__ENTRIES PROVIDED__

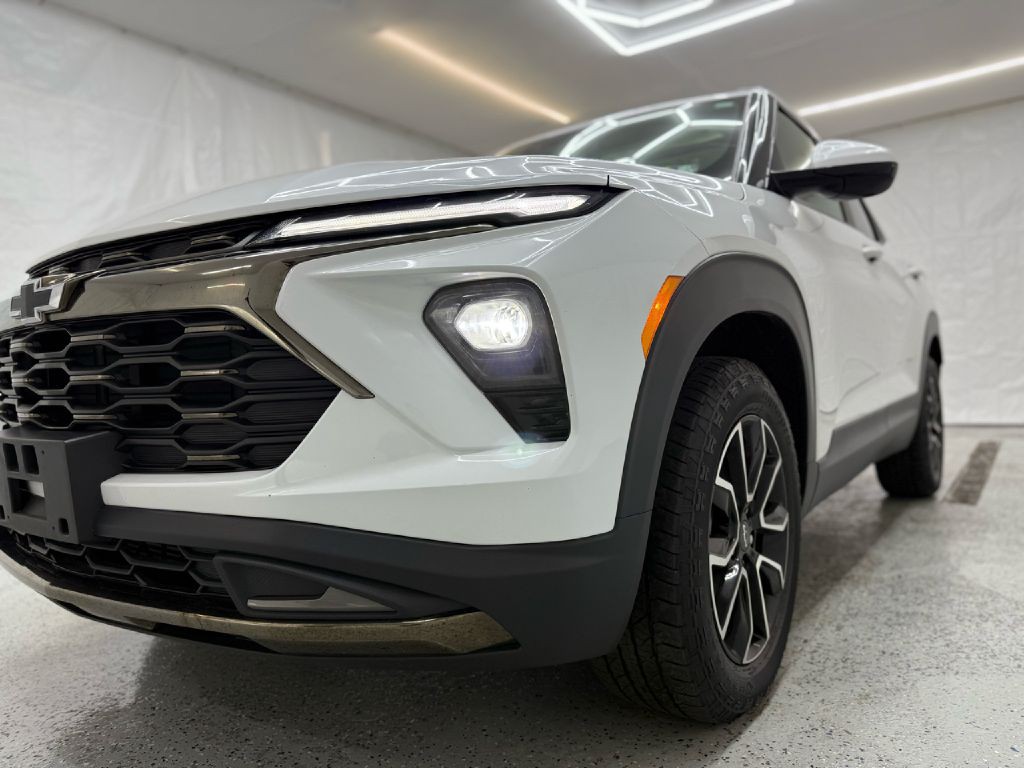 2024 Chevrolet Trailblazer Image 35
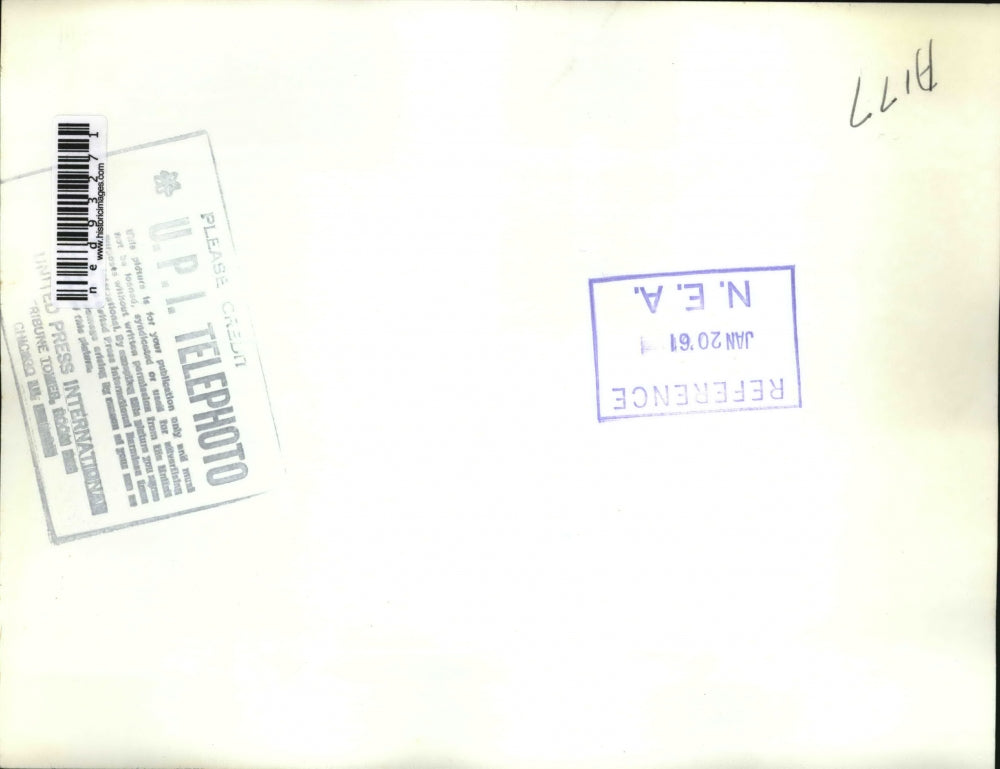 1961 Press Photo Brussels Belgium sit down protest vs France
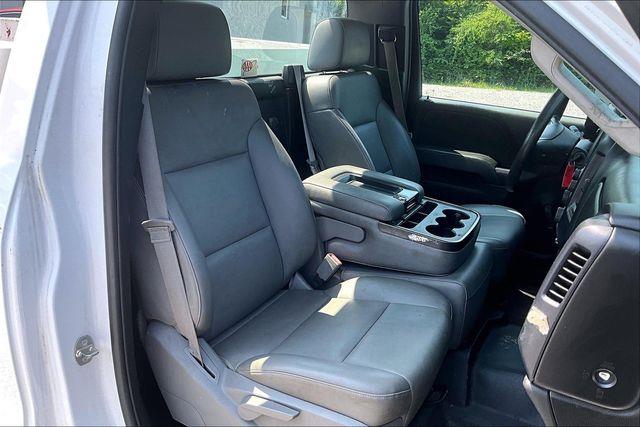 2015 Chevrolet Silverado - $23,800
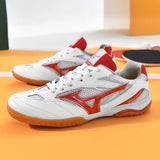 Of The New Table Tennis Shoes Men's Professional Training Shoes Shoes Light Anti-Skid Badminton Shoes Sneakers Outdoor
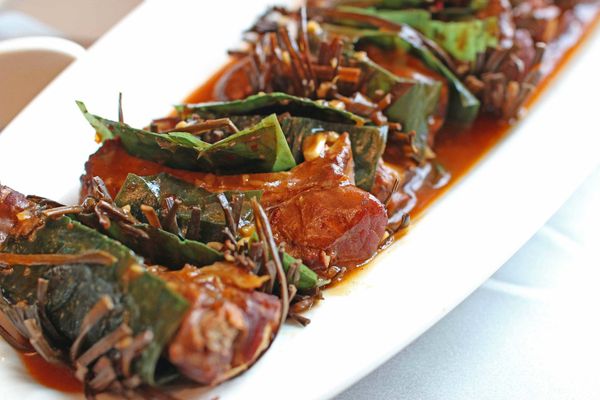 【台北餐廳】台北四七名人宴-信義微風47樓,俯望台北101煙火最佳地點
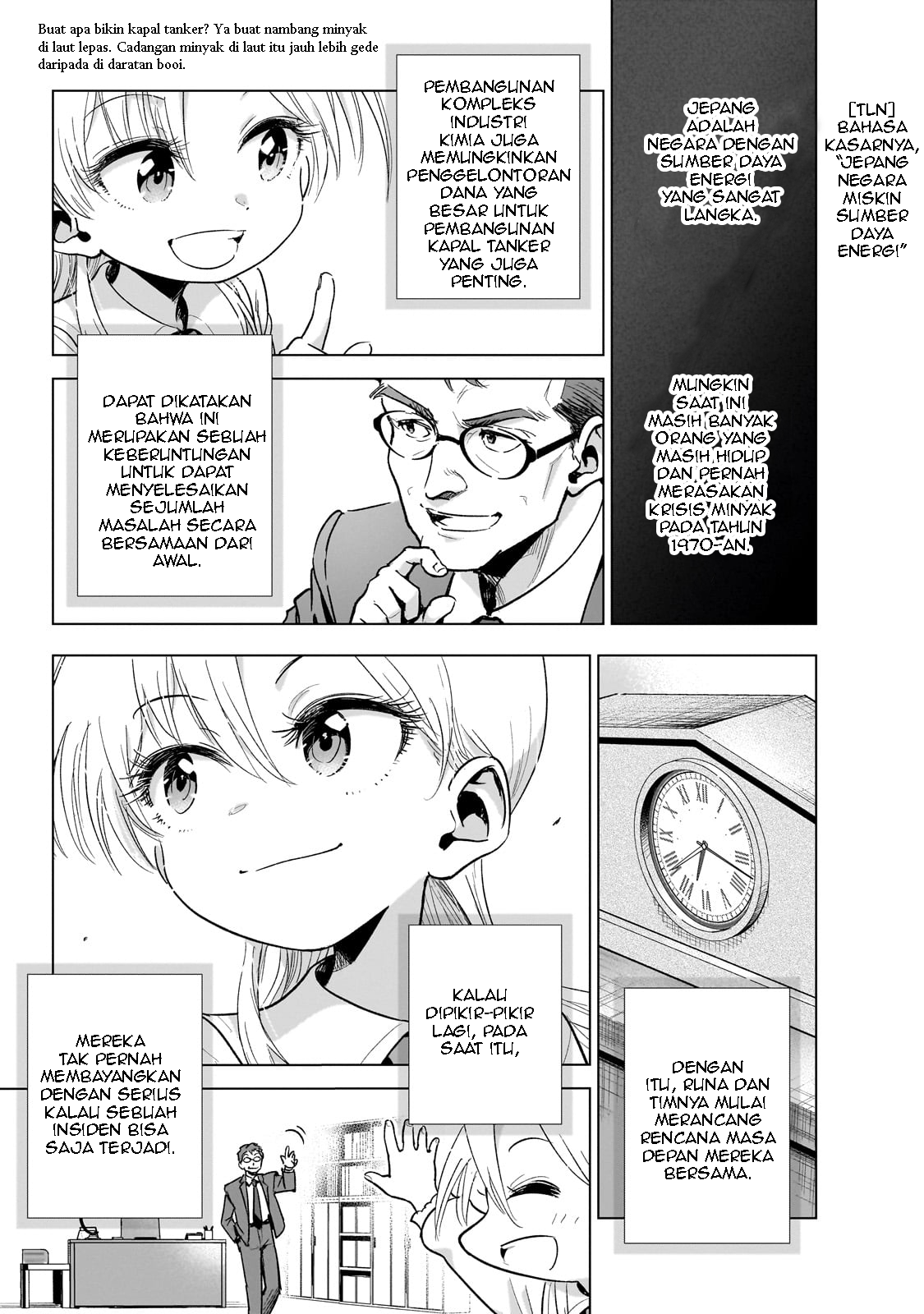 Gendai Shakai de Otome Game no Akuyaku Reijou wo suru no wa Chotto Taihen Chapter 17 Gambar 28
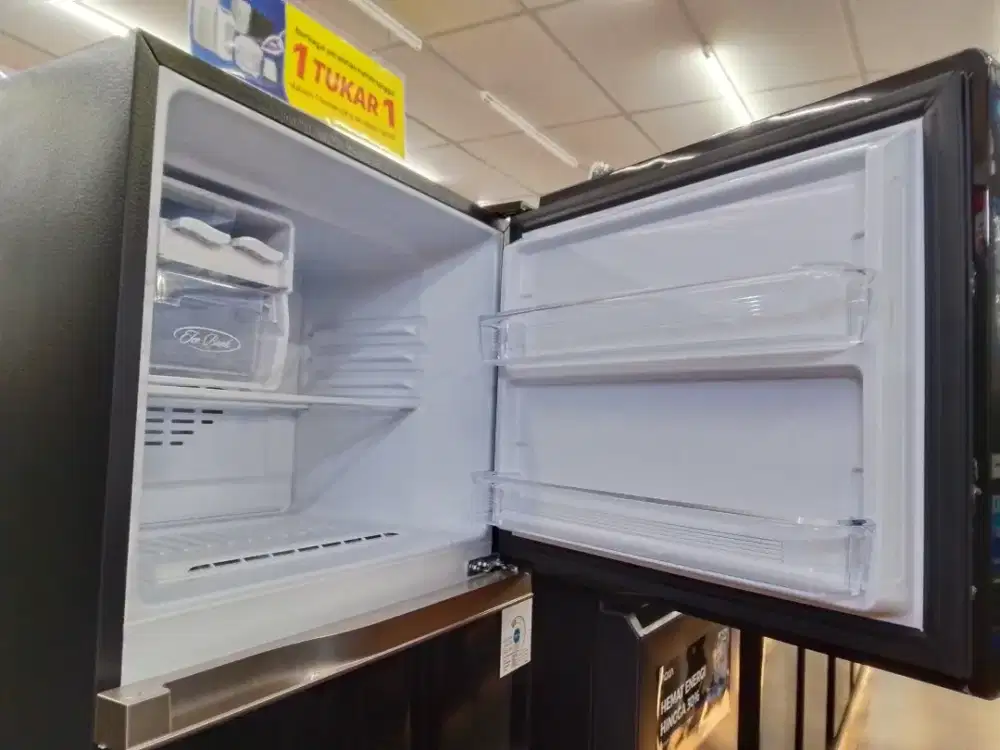 CICILAN KULKAS POLYTRON PAKAI HOME CREDIT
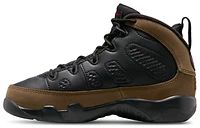 Jordan Boys Jordan Retro 9 - Boys' Preschool Shoes Black/True Red Size 03.0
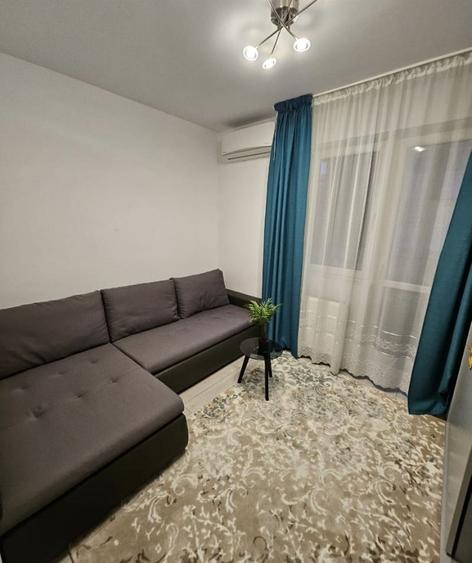 Apartament 3 camere modern, mobilat si utilat- 15 min metrou - 3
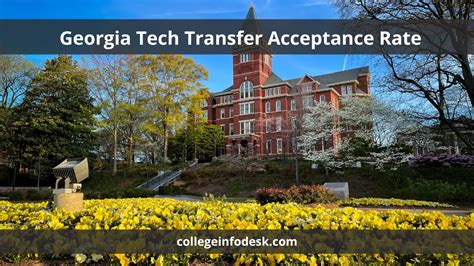 georgia tech transfer acceptance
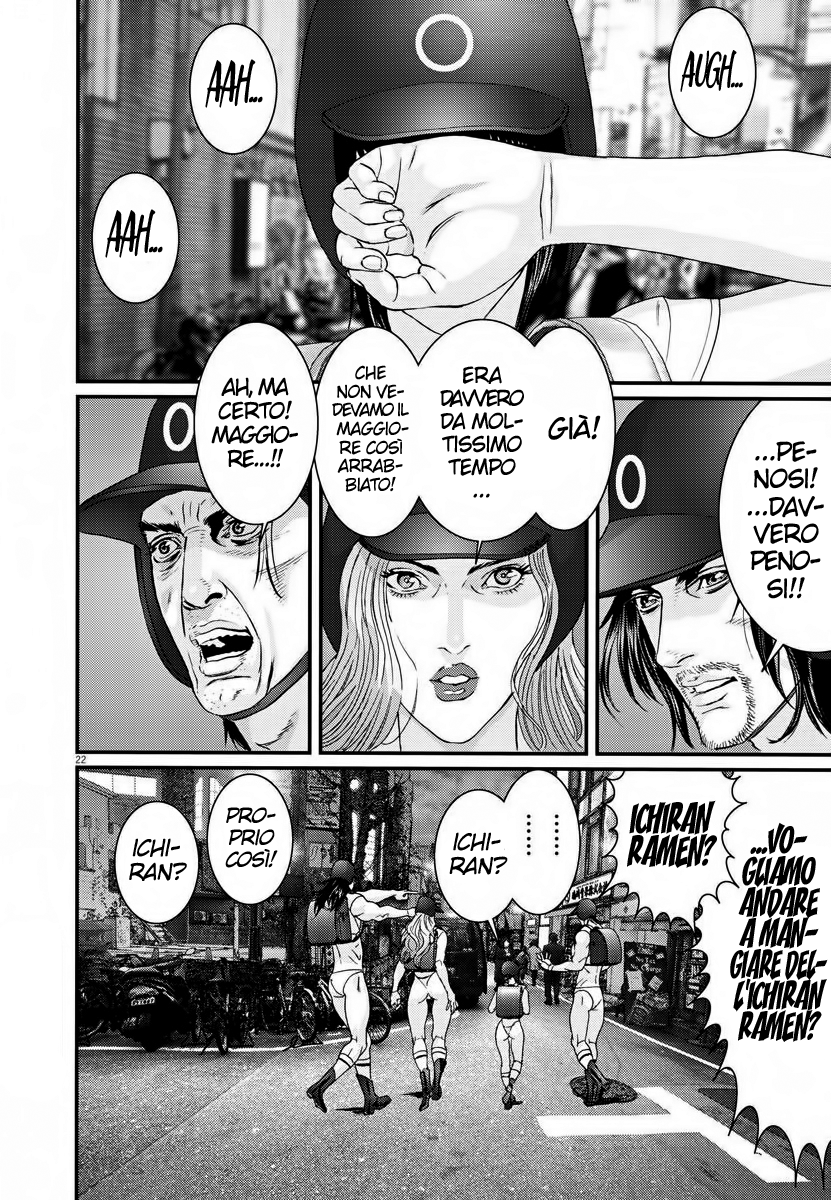 Read Gigant Manga Online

__PROBLEM TO SOLVE__
Set down again, exactly, the lines from the one with "Gendai Shakai de" to the last line of the data, both included and pictures excluded.

__RESULT FOR THIS TASK__
 Gendai Shakai de Otome Game no Akuyaku Reijou wo suru no wa Chotto Taihen Chapter 17 Gambar 28
 CICILAN KULKAS POLYTRON PAKAI HOME CREDIT
 Jordan Boys Jordan Retro 9 - Boys' Preschool Shoes Black/True Red Size 03.0
 Apartament 3 camere modern, mobilat si utilat- 15 min metrou - 3
 georgia tech transfer acceptance
 Read Gigant Manga Online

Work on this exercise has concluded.